MATERIAL SUPPLIED Block Start

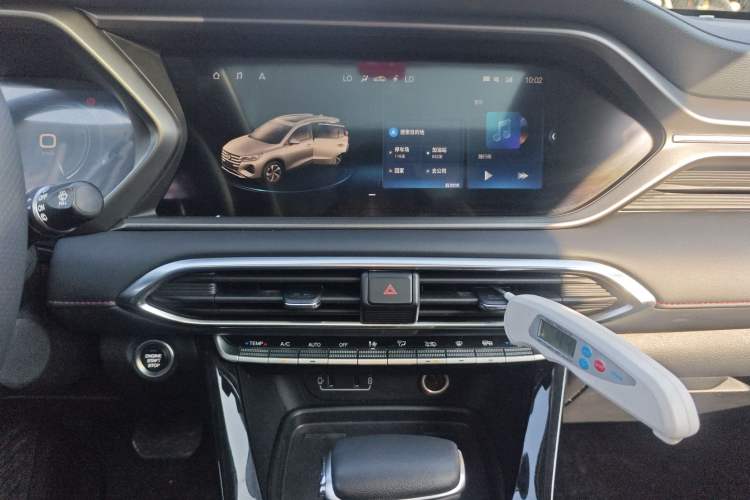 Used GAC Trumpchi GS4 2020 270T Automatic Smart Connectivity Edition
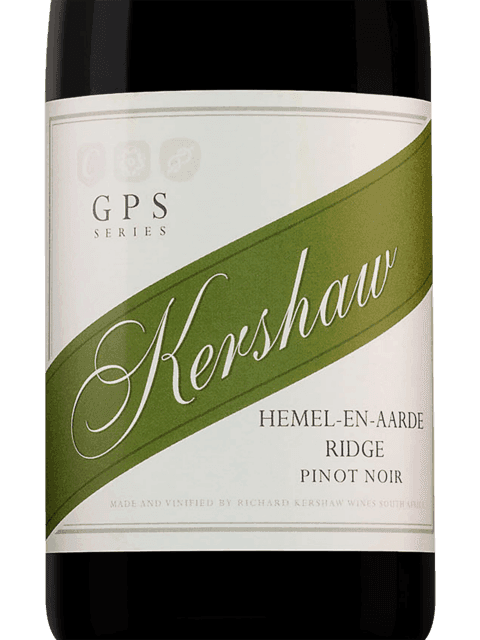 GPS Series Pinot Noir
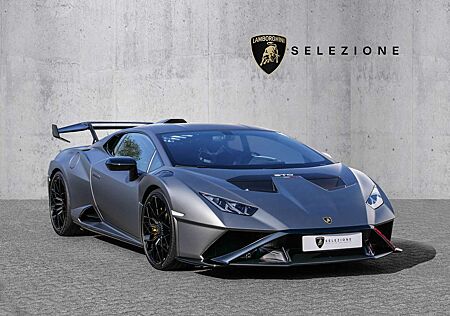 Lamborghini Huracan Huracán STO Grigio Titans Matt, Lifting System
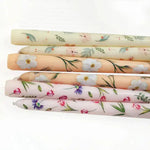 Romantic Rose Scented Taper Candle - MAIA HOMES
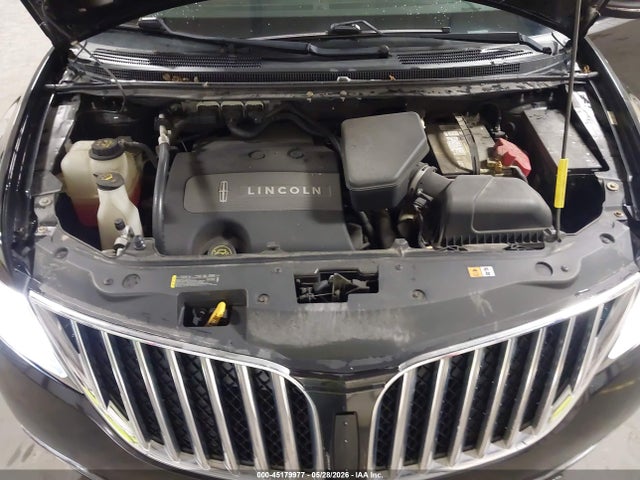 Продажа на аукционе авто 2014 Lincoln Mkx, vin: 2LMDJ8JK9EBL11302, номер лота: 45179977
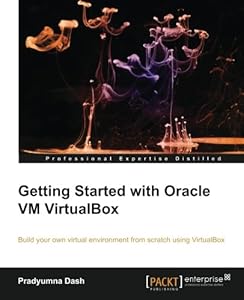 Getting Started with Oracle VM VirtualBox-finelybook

MATERIAL SUPPLIED Block End

**WORK ORDER**
The entries above need to be printed again exactly; please exclude all pictures.

**SOLUTION TO THIS PROBLEM**
 Used GAC Trumpchi GS4 2020 270T Automatic Smart Connectivity Edition
 GPS Series Pinot Noir
 Lamborghini Huracan Huracán STO Grigio Titans Matt, Lifting System
 Romantic Rose Scented Taper Candle - MAIA HOMES
 Продажа на аукционе авто 2014 Lincoln Mkx, vin: 2LMDJ8JK9EBL11302, номер лота: 45179977
 Getting Started with Oracle VM VirtualBox-finelybook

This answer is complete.